(Crawled caption data)
──────

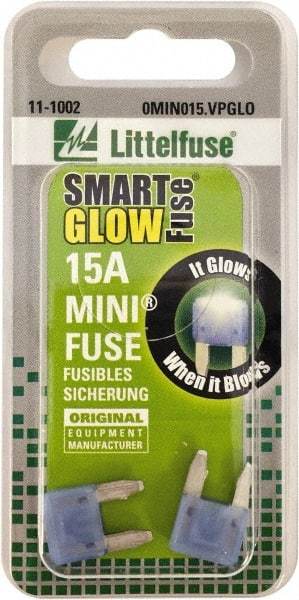 Value Collection - 15 Amp, 32 VDC, Automotive Fuse - 10.83" Long, Blue, Littlefuse MIN015 - Exact Tool & Supply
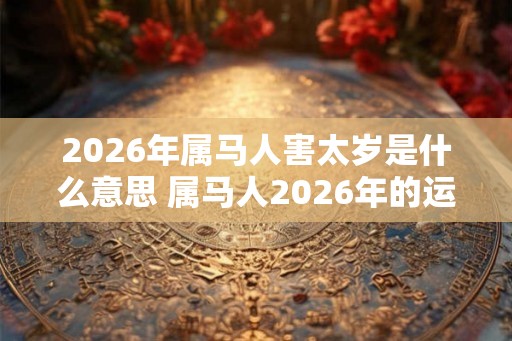 2026年属马人害太岁是什么意思 属马人2026年的运势如何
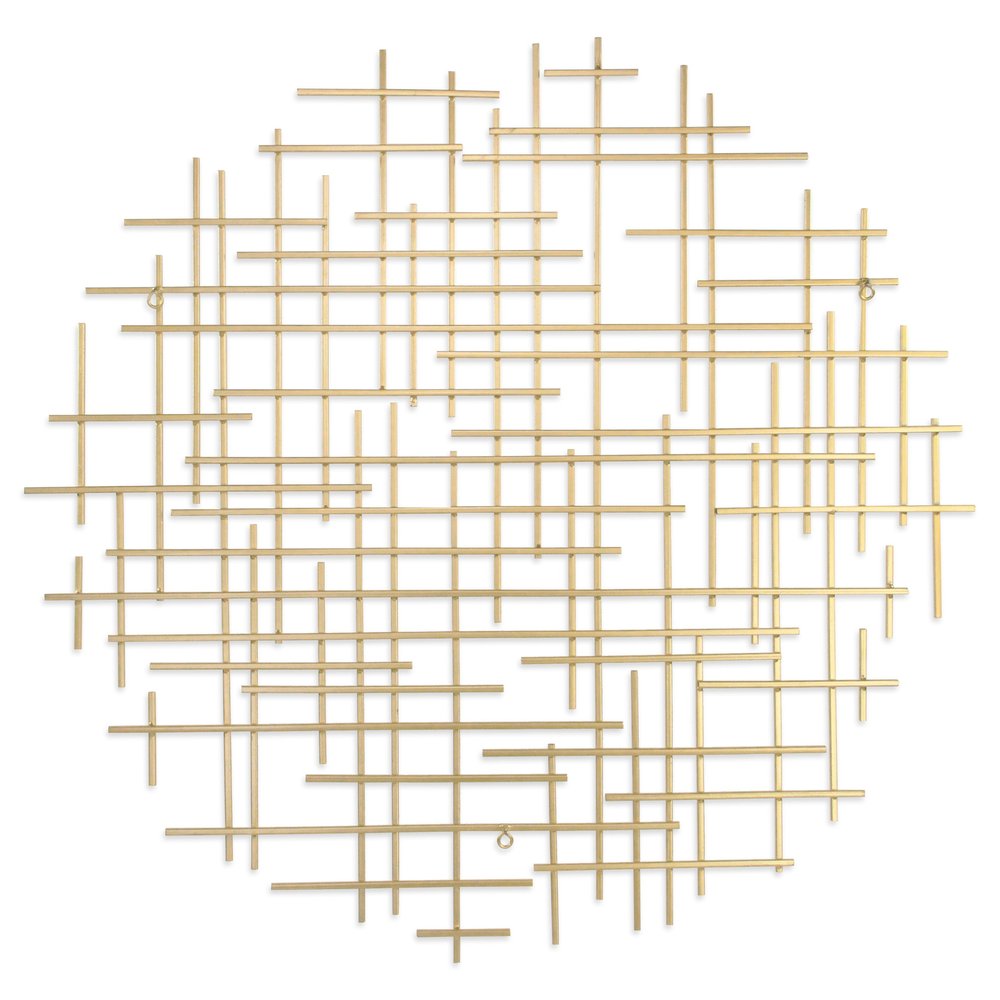 37" X 38" Gold  Metal Abstract Lines Round Hanging Dimensional Sculpture
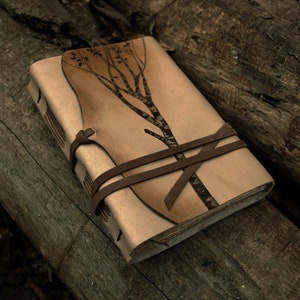 diario in pelle ad albero, quaderno personalizzato per uno scrittore, diario in pelle con monogramma, diario con albero, vecchia carta - Memorie di un albero
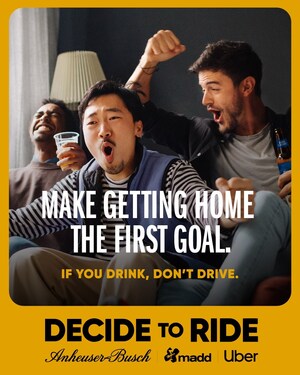 Anheuser-Busch, MADD, and Uber Launch 'Decide To Ride' Campaign on College Campuses to Encourage 21+ Fans to Plan Ahead for Sober Rides on Game Days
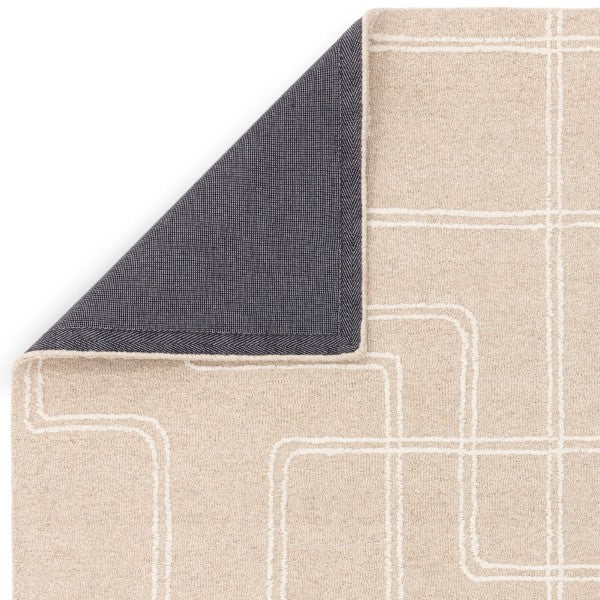 Luxury Boho Collection Ada Rug by Asiatic in beige with white geometric pattern and dark grey non-slip backing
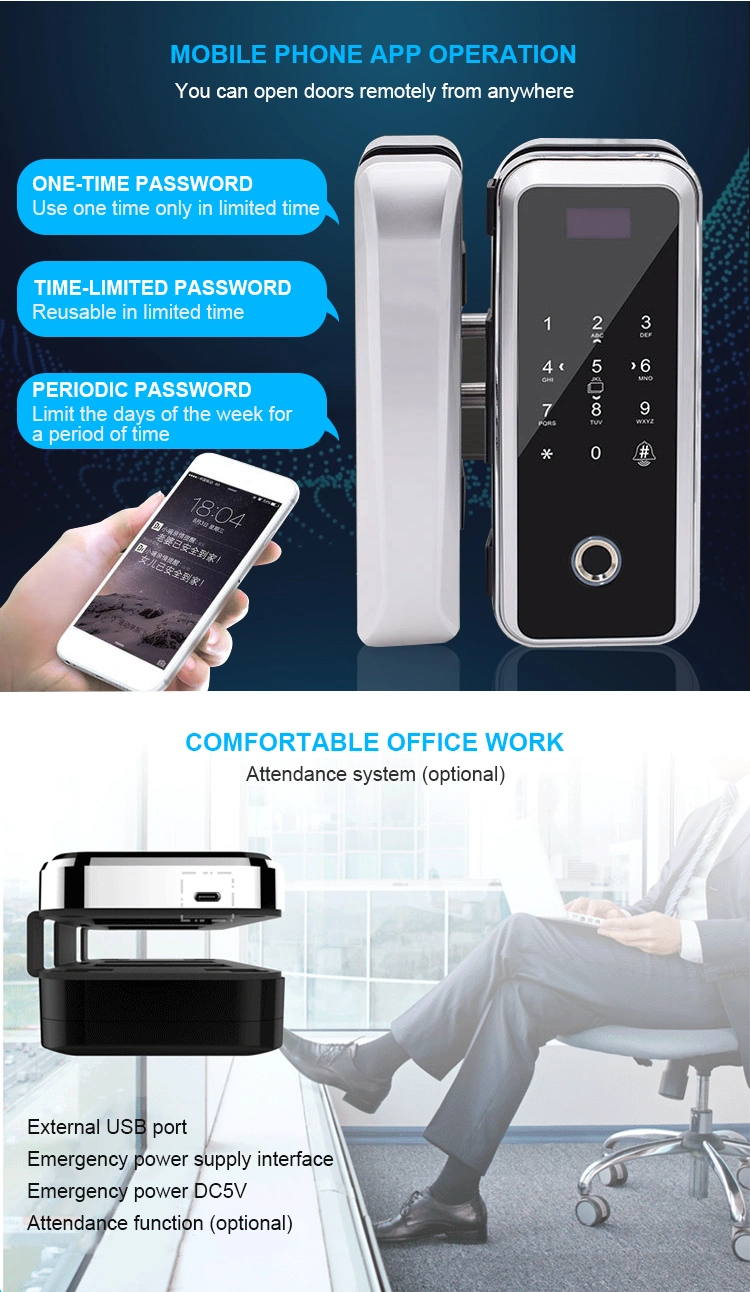 F8200 No Holes Biometric Fingerprint Password Electronic Smart Door Lock for Office Swing and Sliding Glass Door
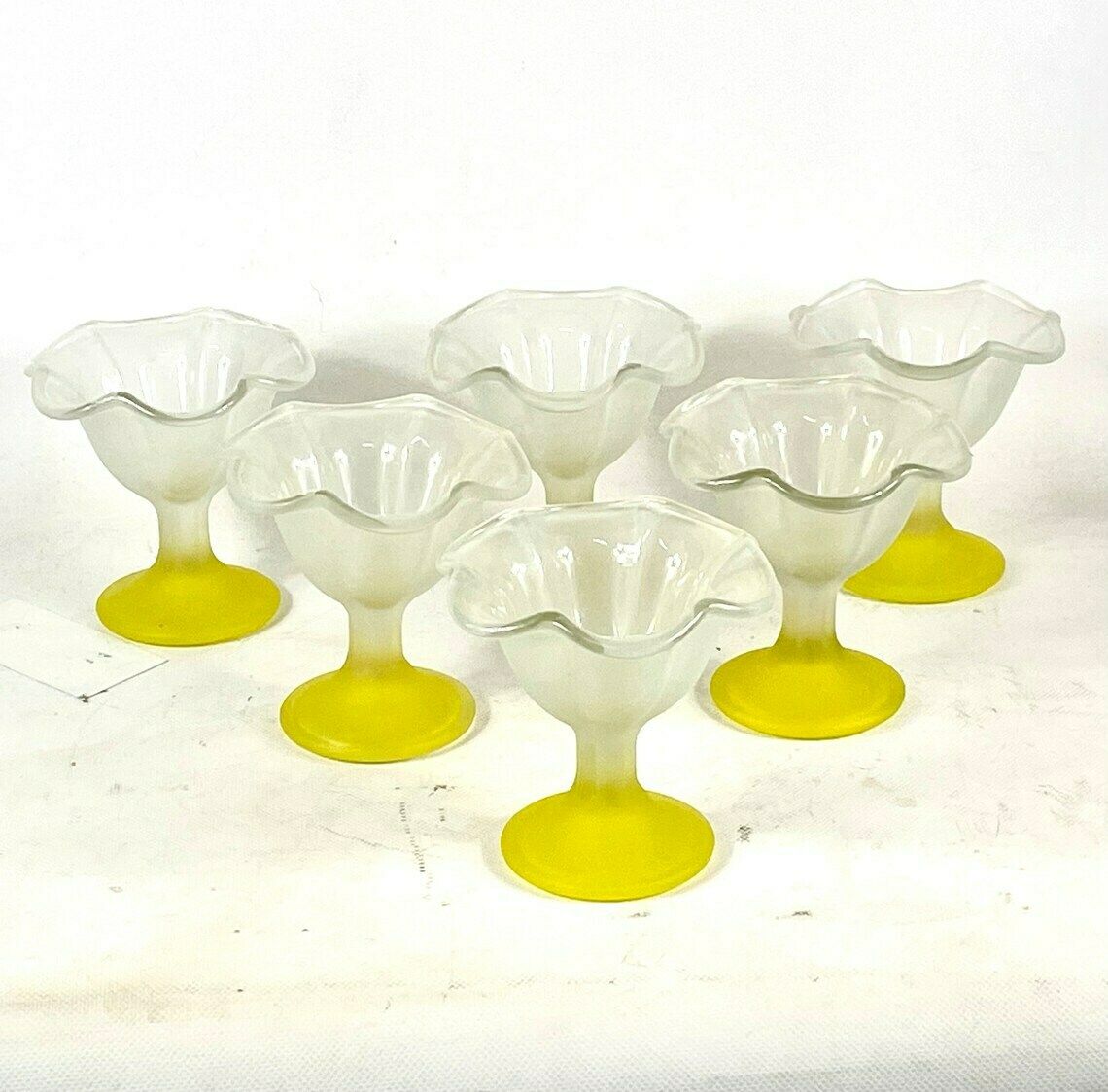 Set Of 6 Frosted Glass Ice Cream / Desert / Sundae Coupes   Floral Decor Made By Kig Indonesia   Art Deco Style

──────

WORK TO BE COMPLETED: Take the line that contains "diario in pelle ad" and every line after it up to the end of the records above, and restate them exactly, without the pictures.

EXPECTED OUTPUT:
 diario in pelle ad albero, quaderno personalizzato per uno scrittore, diario in pelle con monogramma, diario con albero, vecchia carta - Memorie di un albero
 Anheuser-Busch, MADD, and Uber Launch 'Decide To Ride' Campaign on College Campuses to Encourage 21+ Fans to Plan Ahead for Sober Rides on Game Days
 Luxury Boho Collection Ada Rug by Asiatic in beige with white geometric pattern and dark grey non-slip backing
 F8200 No Holes Biometric Fingerprint Password Electronic Smart Door Lock for Office Swing and Sliding Glass Door
 Set Of 6 Frosted Glass Ice Cream / Desert / Sundae Coupes   Floral Decor Made By Kig Indonesia   Art Deco Style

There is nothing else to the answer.